▶ Requirement: What's wanted here is the full listing below, repeated exactly, with no images in it.

====== Data section ======

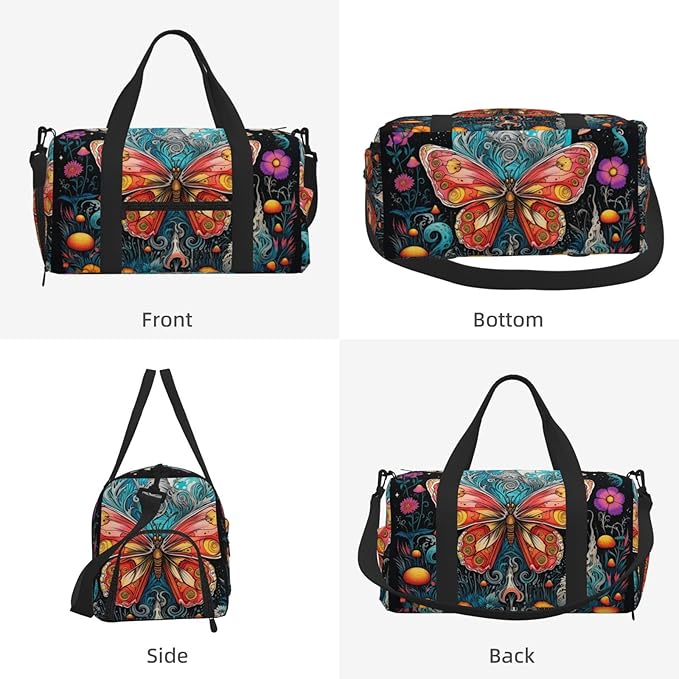 Sports Gym Bag Multicolored Butterfly Moon Flowers Travel Duffel Bag With Shoe Compartment Shoulder Strap, Lightweight Water-Resistant Weekend Overnight Totes For Women Men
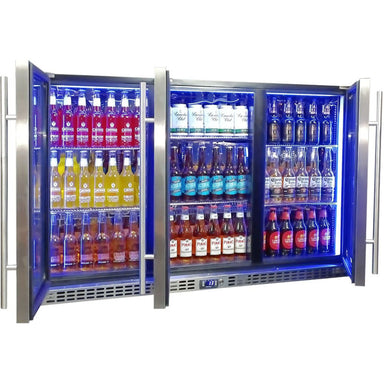 Bar Fridge | Solid 3 Door | Schmick SK386 doors open with blue LED lights on and full of drinks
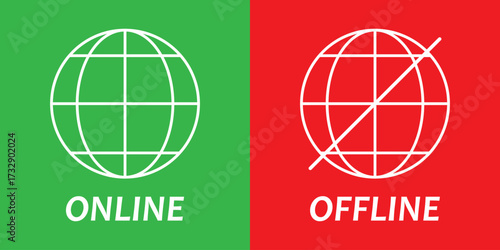 Set of online and offline internet icon red and green color. Globe icon with no signal and good signal sign symbol. Internet connection. Flat design. Vector illustration.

======

▶ Output for this exercise:
 Sports Gym Bag Multicolored Butterfly Moon Flowers Travel Duffel Bag With Shoe Compartment Shoulder Strap, Lightweight Water-Resistant Weekend Overnight Totes For Women Men
 Bar Fridge | Solid 3 Door | Schmick SK386 doors open with blue LED lights on and full of drinks
 Set of online and offline internet icon red and green color. Globe icon with no signal and good signal sign symbol. Internet connection. Flat design. Vector illustration.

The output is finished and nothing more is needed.